Start of SUPPLIED INFORMATION

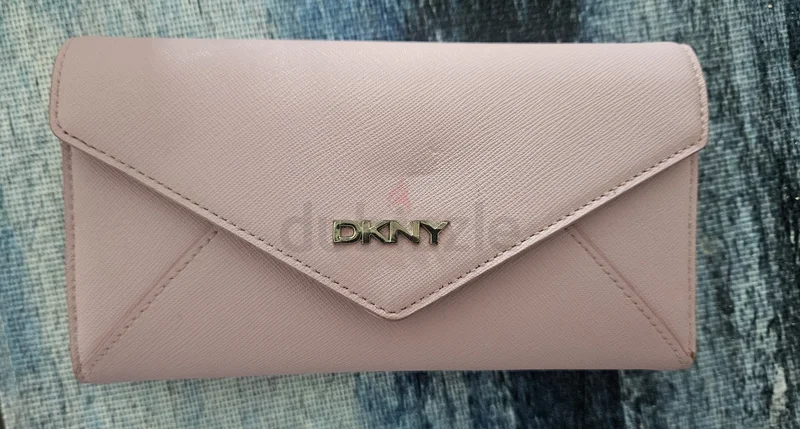 Pink DKNY Wallet for Sale!62931670755841117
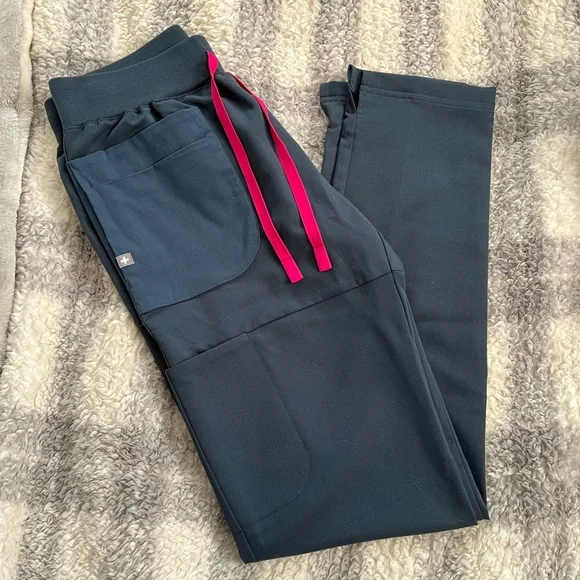 Dark Harbor Figs. Brand New. - Picture 4 of 6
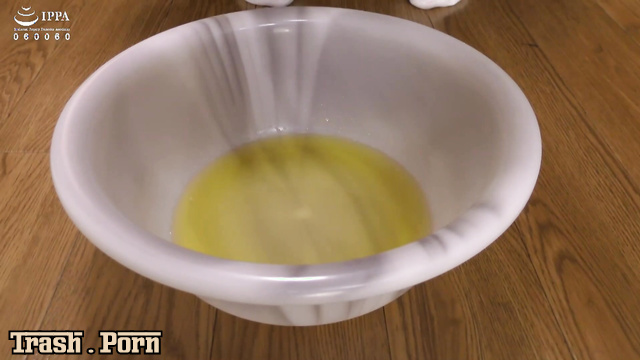 Jadenet - KBMS-185 Amateur Japanese Pissing in Panties with a Bowl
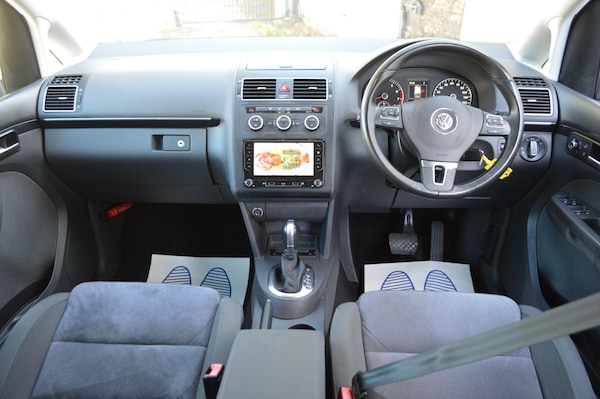 Used Volkswagen Touran 2025 for sale - 76174984: Photo 2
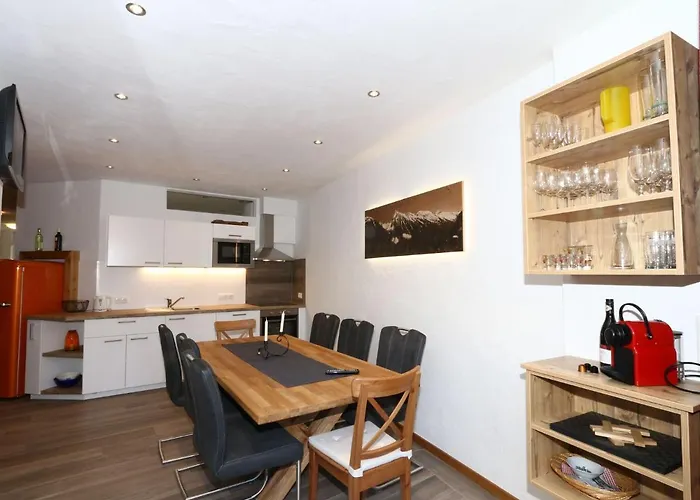 Appartement In Near Spieljochbahn Fügen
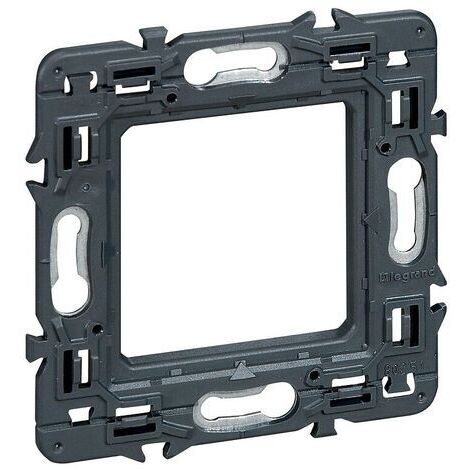 Legrand – Support à vis encastré 1 poste – Fixation avec vis – Métal et plastique – Compatible Céliane, Mosaic, Soliroc – Dimensions 74x74x7.2mm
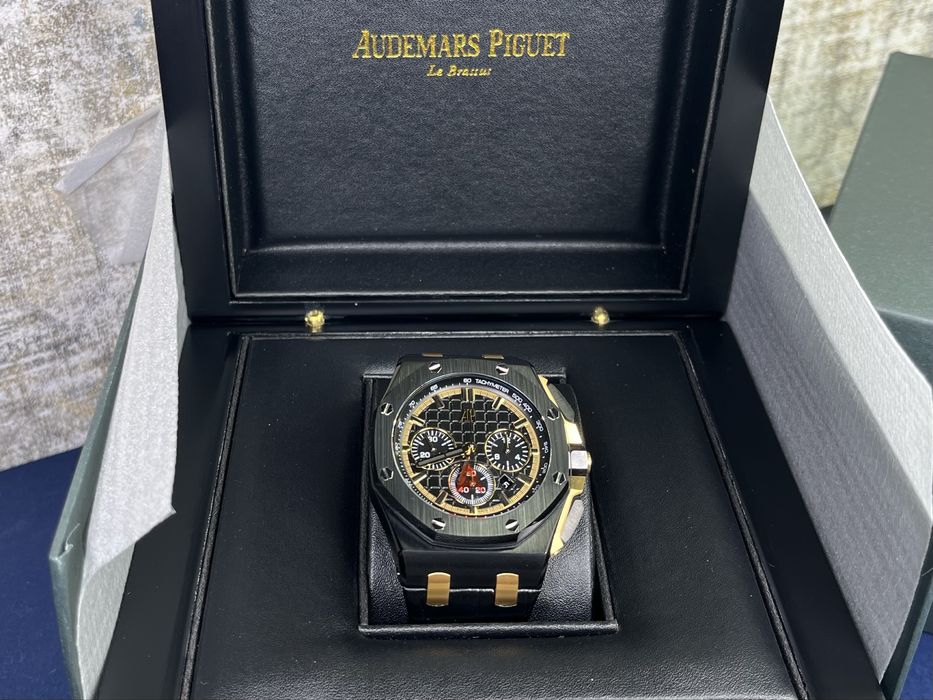 Часовник Audemars Piguet НАМАЛЕН!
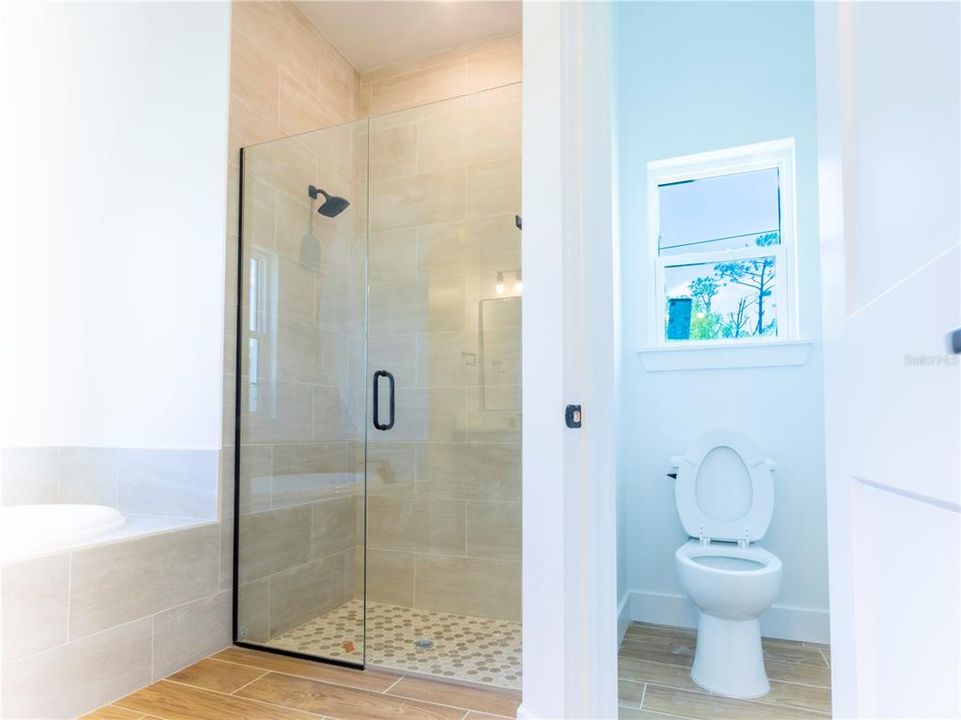 For Rent: $2,498 (3 beds, 2 baths, 1850 Square Feet)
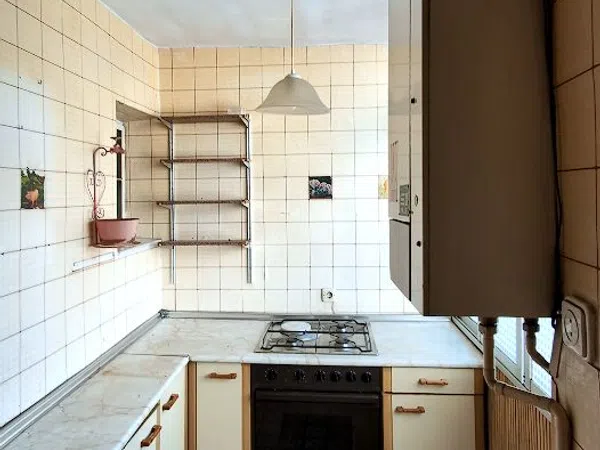 Piso en calle de Amposta, 11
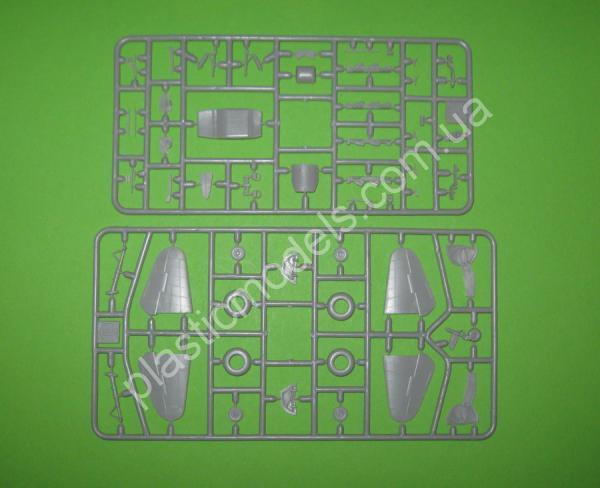 1/48 Modelsvit 4807 Yakovlev Yak-9T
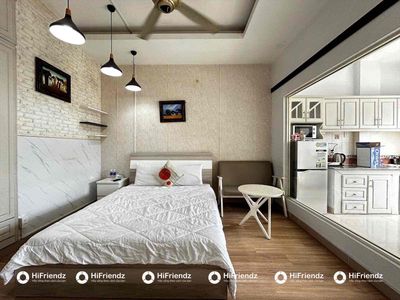 Studio One Bedroom - super generous - cool - full super-looking interior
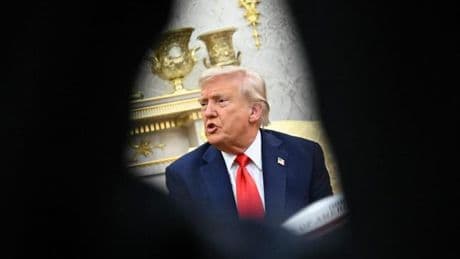 Trump fait cavalier seul en politique étrangère et négocie “à l’aveugle” avec Poutine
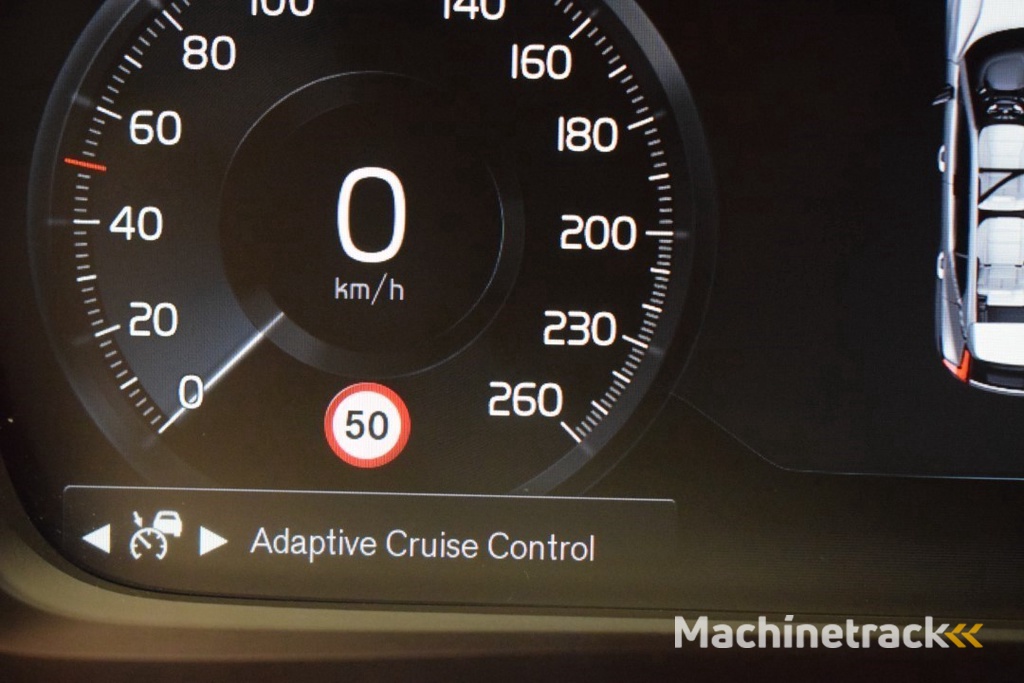 Volvo XC40 T3 163pk AUT8 Inscription Trekhaak 1600kg/ Leer/ Stoelverw./ Panodak/ Camera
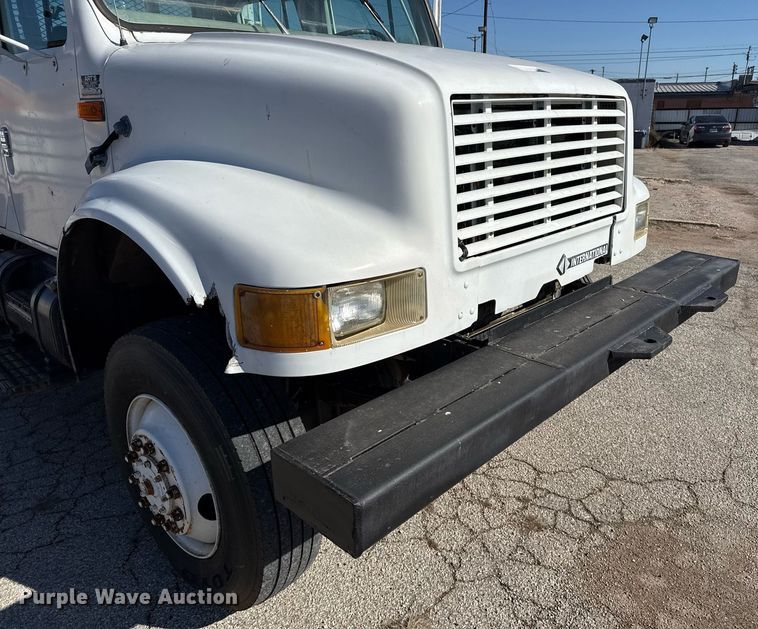 image for item ED5506 1999 International 4300 Crew Cab flatbed truck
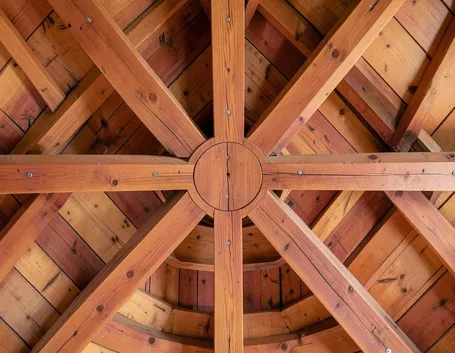 Interno di un tetto in legno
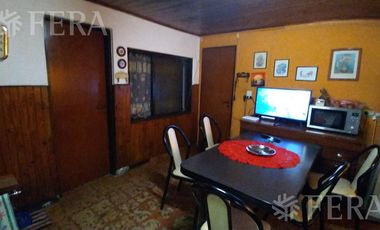 Venta casa para dos familias con cochera en Bernal Oeste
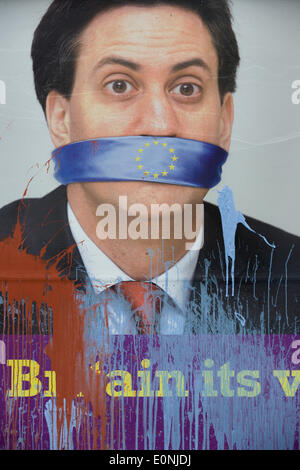 Londres, Royaume-Uni. 17 Mai 2014 : les gouttes de peinture éclaboussée par un anti-adhésion à l'UE "UK Independence Party (UKIP) affiche du politique leader du parti travailliste Ed Milliband contre un silence de l'Union européenne, vu l'intimidation au 76200 - un quartier relativement aisé de le sud de Londres. L'annonce est affichée avant les élections européennes le 22 mai. Copyright Richard Baker / Alamy Live News. Banque D'Images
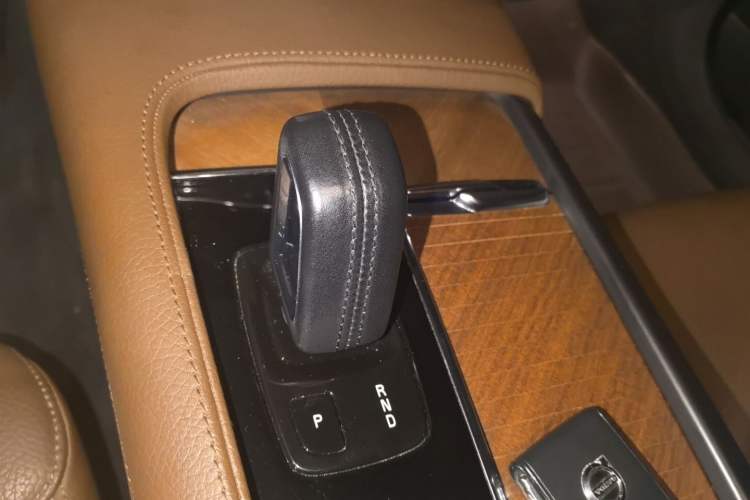 Used Volvo S90 2021 B5 Zhiyuan Luxury Edition Gear Lever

End of SUPPLIED INFORMATION

--- TASK TO COMPLETE ---
All that should be printed is the run of lines above from the one with "Piso en calle de Amposta, 11" through the one with "Venta casa para", both included, exactly as given, with pictures left out.

--- SOLVED EXERCISE ---
 Piso en calle de Amposta, 11
 1/48 Modelsvit 4807 Yakovlev Yak-9T
 Studio One Bedroom - super generous - cool - full super-looking interior
 Trump fait cavalier seul en politique étrangère et négocie “à l’aveugle” avec Poutine
 Volvo XC40 T3 163pk AUT8 Inscription Trekhaak 1600kg/ Leer/ Stoelverw./ Panodak/ Camera
 image for item ED5506 1999 International 4300 Crew Cab flatbed truck
 Interno di un tetto in legno
 Venta casa para dos familias con cochera en Bernal Oeste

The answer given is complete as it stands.